Thanks for your reply and for the insights, @olavloite!

Indeed, the term "memory leak" might not be appropriate as it seems that the memory can be reclaimed. However my concern is that this is not done "fast enough".

If you look at the various examples of Cloud Functions, you'll find one named closeTransaction (it should probably be called "close database" instead). What it does is that it randomly closes the database (hence the session pool) during its execution. Of course, this is not a realistic approach to the problem, but it does seem to solve it. Memory doesn't grow, and the Cloud Function is able to keep up with the rate of input messages. Here's a screenshot of the number of unacked messages in the subscriptions corresponding to the same time frame as my previous message (the focus is on closeTransaction, but you can see that other Cloud Functions are mostly keeping up with input messages, apart from a few glitches):

Screenshot 2022-02-14 at 07 56 08

While I understand your point about resources being exhausted, it does seem possible to avoid memory growing indefinitely, even in the (granted, very specific) setup I'm showing here. So maybe what I'm asking for is: Is there any configuration parameter (existing or to be introduced) that could help the session pool and/or session objects to release memory faster?

About increasing the number of instances, unfortunately this is not possible in our case. We do have many other Cloud Functions for which we let the autoscaling algorithm do its thing, but in this particular case we have to "disable the concurrency" of this Cloud Function. Also, the input throughput is slightly different from the reproduction case: input messages are actually emitted in batches. Every 3 minutes, tens of messages are produced in the input Pub/Sub topic, but then nothing happens for the rest of the 3 minutes. The single instance does seem capable of handling the throughput. In fact, most of the time the number of active instances goes back down to 0:

Screenshot 2022-02-14 at 08 13 44

However if we zoom out, we see that it's (probably) actually the same instance being reused, and that its memory usage is growing over time:

Screenshot 2022-02-14 at 08 14 50

In this production use case, it would seem that the instance would have plenty of time to "garbage collect" the memory, but it does not so, hence my initial request of "finding a way to release memory faster in the Spanner client".

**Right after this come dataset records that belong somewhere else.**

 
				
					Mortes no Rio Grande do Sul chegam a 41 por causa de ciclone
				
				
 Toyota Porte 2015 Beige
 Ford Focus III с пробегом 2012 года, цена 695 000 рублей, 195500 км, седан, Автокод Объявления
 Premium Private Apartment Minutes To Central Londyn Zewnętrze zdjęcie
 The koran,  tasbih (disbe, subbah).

I hope this makes sense. Please tell me if you need additional details!

olavloite commented 2 years ago

@flovouin

closeTransaction: (Or as you said: closeDatabase). Yes, this function seems to be able to keep up. That was also the case in my test run. If you look at the different memory usage graphs in my test run, you can see that closeTransaction has a stable memory usage both before and after increasing the MaxInstances configuration. I think that this is down to the simple fact that it does less than most of the other functions, and explicitly cleans up memory by calling database.close(), which means that its base memory usage will always be lower than many of the other functions.

Regarding your production use case: The batched nature of the production use case probably means that the base memory usage of your function will be higher than in the reproduction case, as there will be more sessions needed to handle the simultaneous requests. The reproduction case uses a relatively constant stream of requests, which means that there will normally not be many requests running in parallel. The batched nature of your production scenario will probably cause a lot of parallel requests to be executed, which means that the session pool will normally contain more sessions than in the reproduction case.

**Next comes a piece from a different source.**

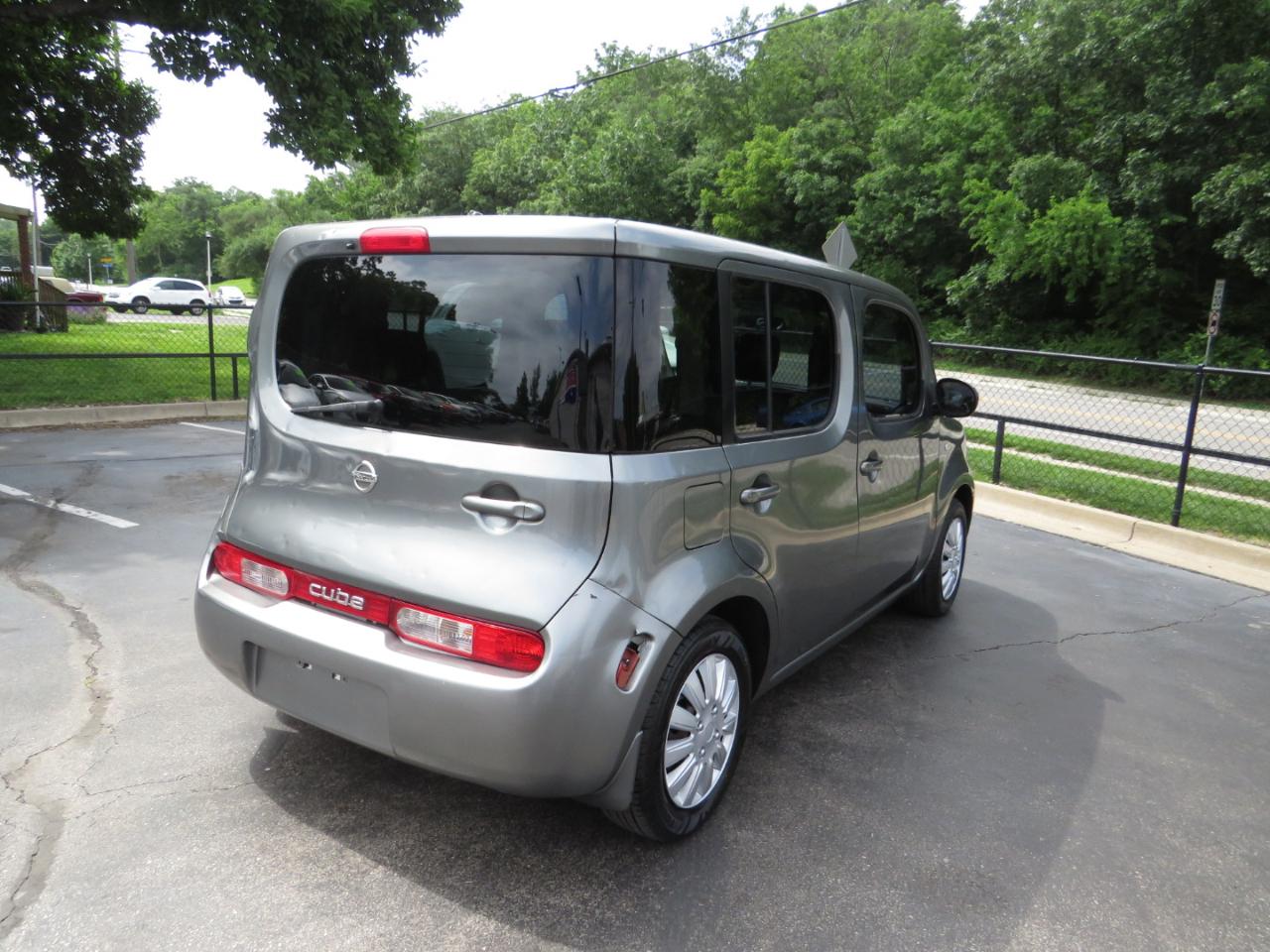Nissan Cube 5dr Wgn I4 CVT 1.8 S 2011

I am therefore beginning to wonder whether the problem that you are seeing on production is caused by the function simply needing more memory than has been assigned to it. The default for Cloud Functions is 256MB, but it can be configured to be higher. That would mean that it is not a garbage collection problem, but an actual out-of-memory problem.

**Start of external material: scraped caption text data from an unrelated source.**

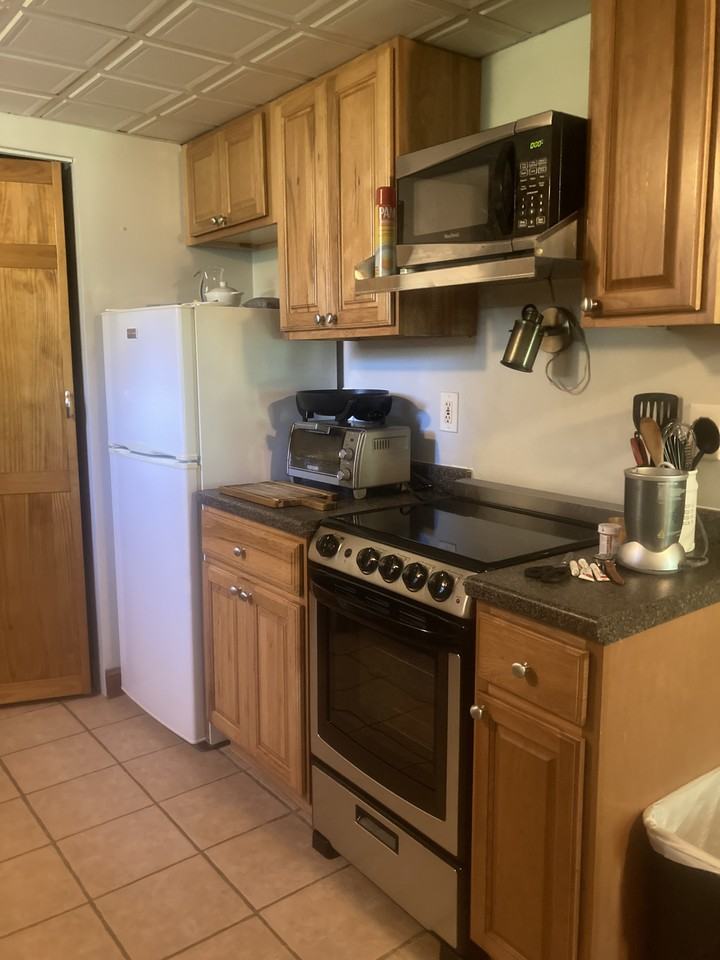 8 Maple St - Photo 3 of 14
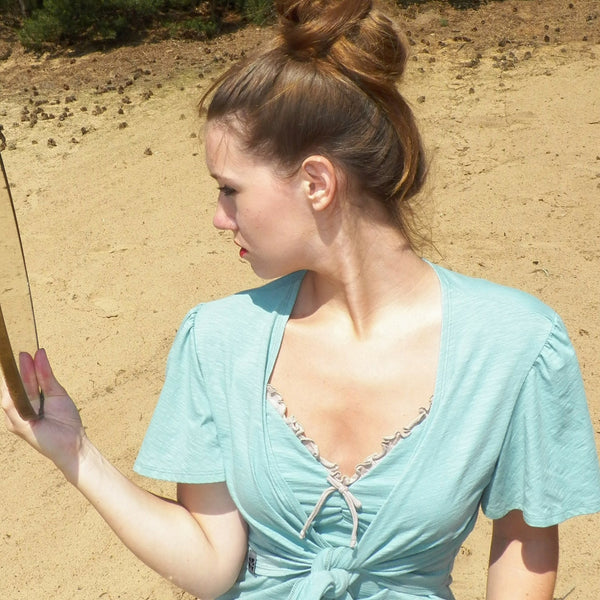 Knoop bolero met vlindermouwtje / Wrap bolero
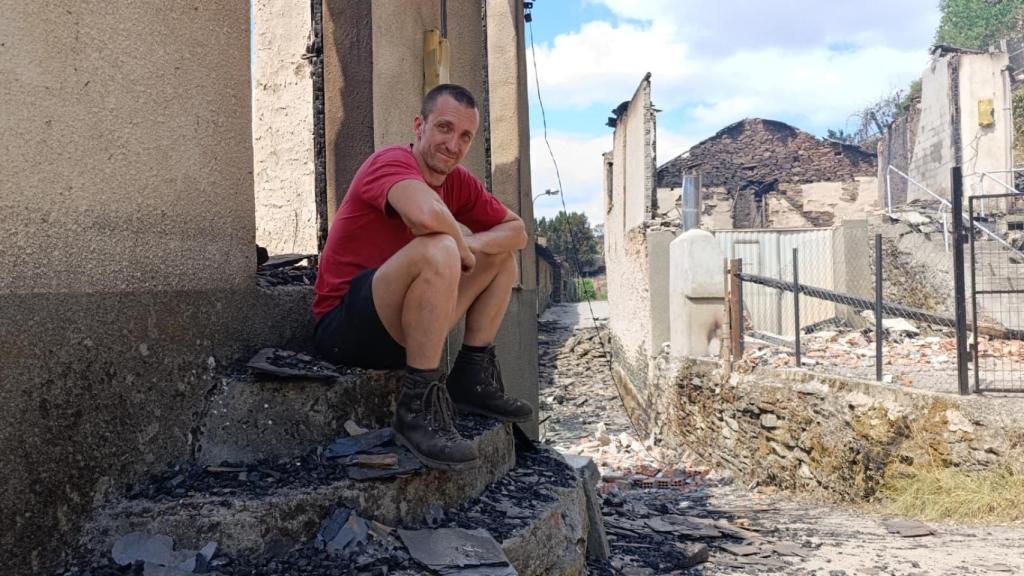 Jhörn, vecino de Lusío (Oencia), sentado en las escaleras de la entrada de lo que fue su casa, antes de ser devorada por las llamas.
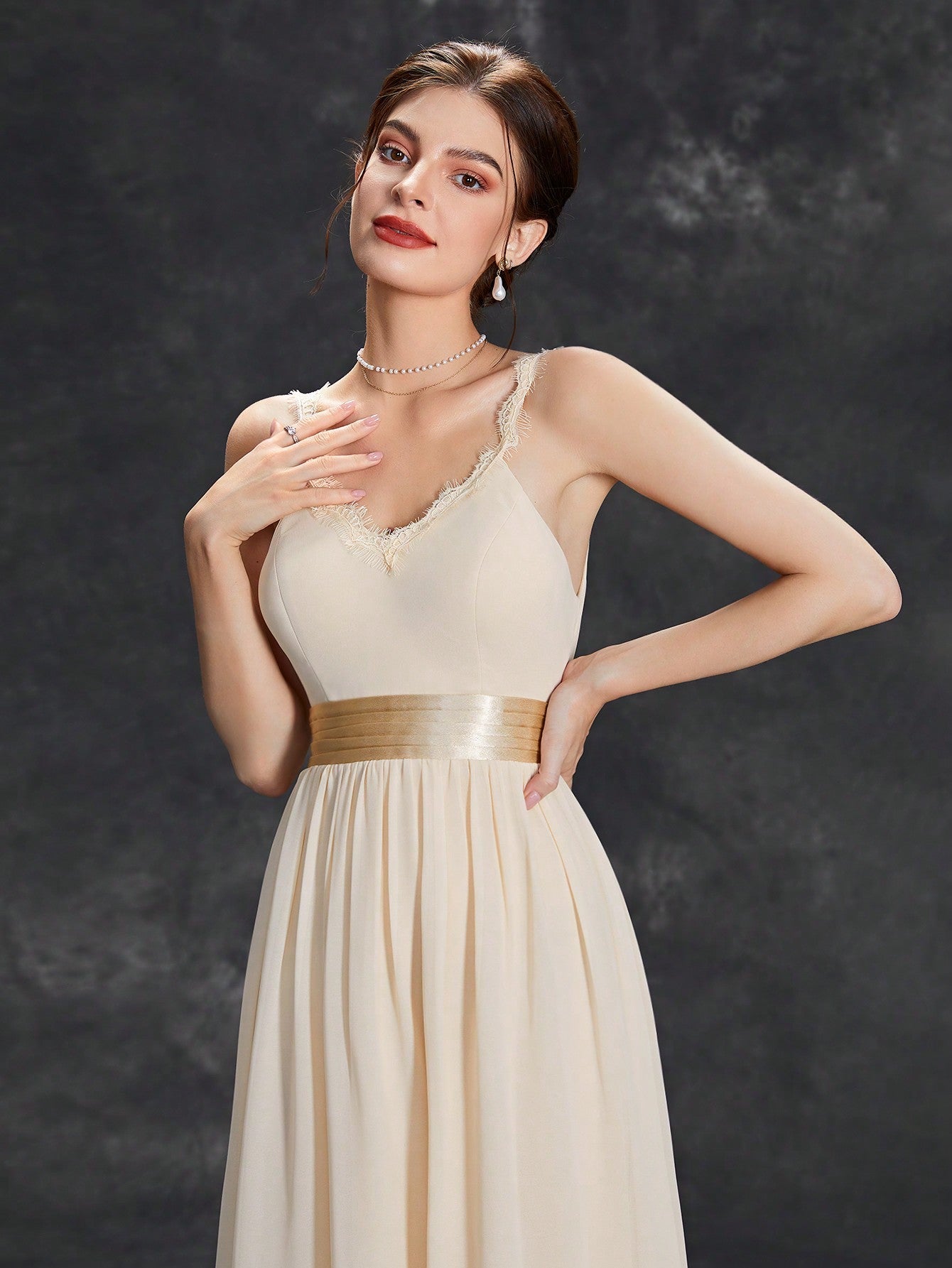 Contrast Waist Chiffon Bridesmaid Dress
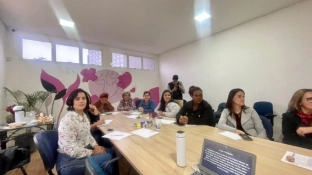 Secretaria da Mulher realiza curso gratuito de fotografia com o uso de celular dirigido a empreendedoras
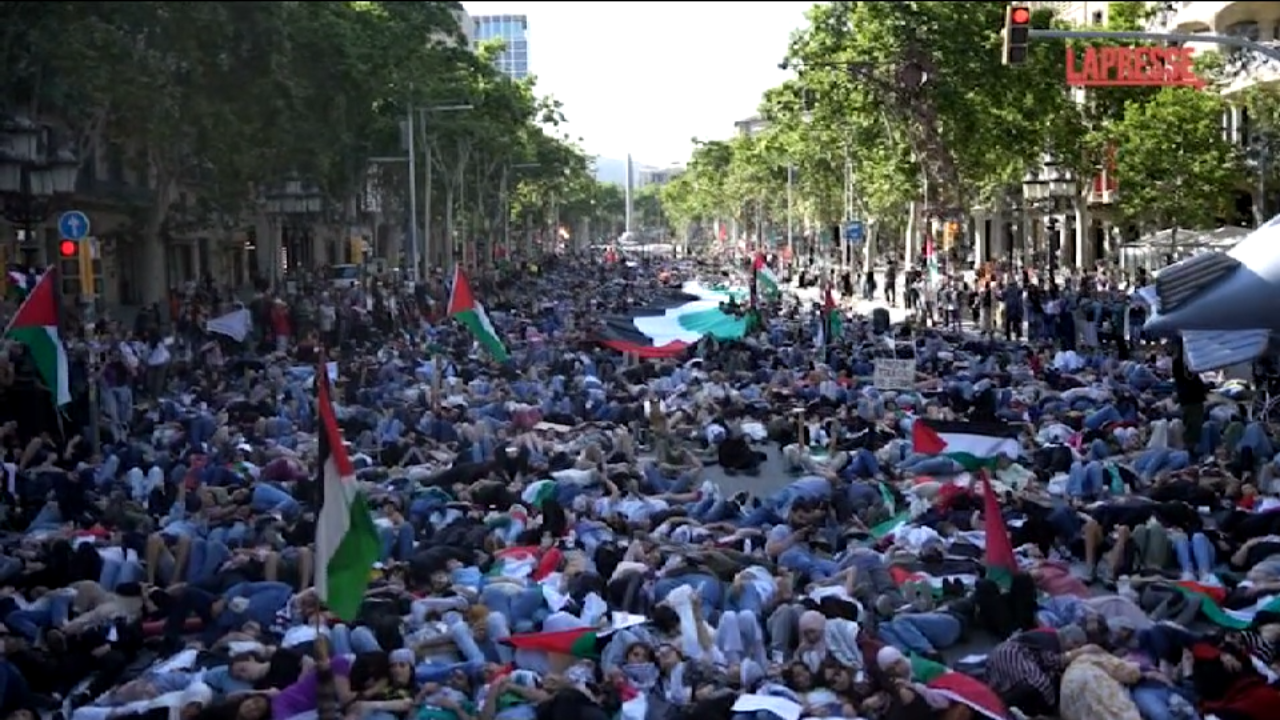Barcellona, manifestazione pro Palestina in ricordo della Nakba del 1948 - LaPresse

  1. Are you seeing any error message in the log around the time that the memory usage drops (in your graph just before midnight 13 Feb)? When using your reproduction case I saw occasional 'Memory limit exceeded' (but not literally 'Out of memory') errors, and a lot 429 response codes, hence my assumption that the Javascript engine at that moment was executing a stop-the-world garbage collection.
  2. Would it be possible to increase the assigned memory for the Cloud Functions instance instead of increasing the max instances? If there is no actual memory leak, but the function just requires more memory, it should reach a plateau somewhere, which could be higher than the current 256MB limit. That would also explain why the Javascript engine is not reducing the memory footprint, even though it should have the time for it; there would in that case be no memory to reclaim through garbage collection.
flovouin commented 2 years ago

Hi @olavloite,

Regarding closeTransaction, maybe it's worth having another test with the function doing a bit more work, and check that database.close() still works around the problem? In my initial examples, I found that transaction.commit() was enough to observe the memory increase. But I can have a fair comparison by adding the logic of readInTransaction, which seems to be the function that reproduces the issue with the most consistency.

Regarding production:

[...] as there will be more sessions needed to handle the simultaneous requests.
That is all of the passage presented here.